Write out exactly, and only, the lines below from the line with "Shop C.p. Company" through the line with "FORUDESIGNS Heart Print"; pictures do not belong in the copy.

> **DATA EXTRACT**:
☆ ☆ ☆ ☆ ☆ ☆ ☆
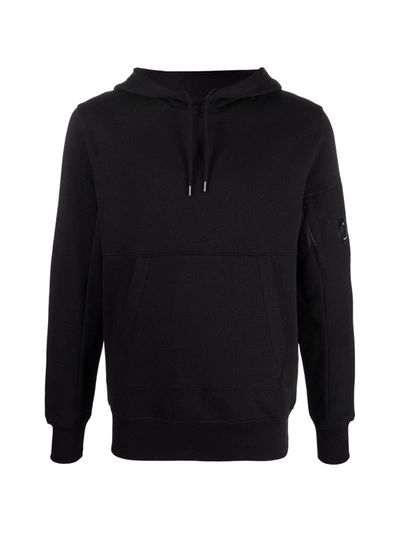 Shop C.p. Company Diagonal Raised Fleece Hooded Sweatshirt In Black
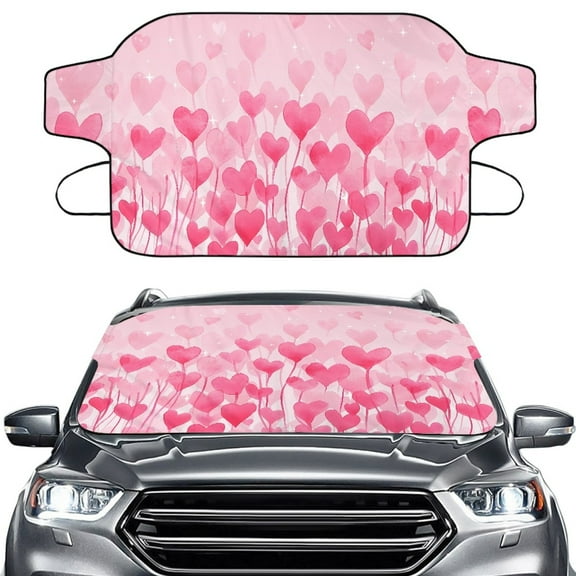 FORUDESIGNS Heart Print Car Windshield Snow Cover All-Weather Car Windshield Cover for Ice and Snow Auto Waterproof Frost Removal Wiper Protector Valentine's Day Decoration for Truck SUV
☆ ☆ ☆ ☆ ☆ ☆ ☆
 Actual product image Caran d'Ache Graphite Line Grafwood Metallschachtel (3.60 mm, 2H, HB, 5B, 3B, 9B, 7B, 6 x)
☆ ☆ ☆ ☆ ☆ ☆ ☆
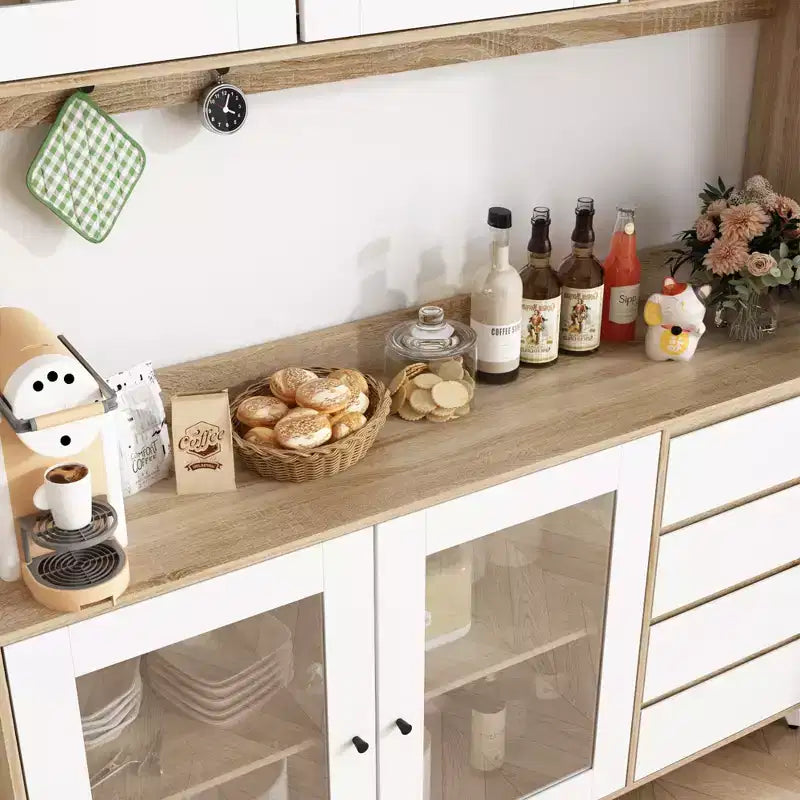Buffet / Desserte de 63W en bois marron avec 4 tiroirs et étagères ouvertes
☆ ☆ ☆ ☆ ☆ ☆ ☆
> **ANSWER SECTION**:
 Shop C.p. Company Diagonal Raised Fleece Hooded Sweatshirt In Black
 FORUDESIGNS Heart Print Car Windshield Snow Cover All-Weather Car Windshield Cover for Ice and Snow Auto Waterproof Frost Removal Wiper Protector Valentine's Day Decoration for Truck SUV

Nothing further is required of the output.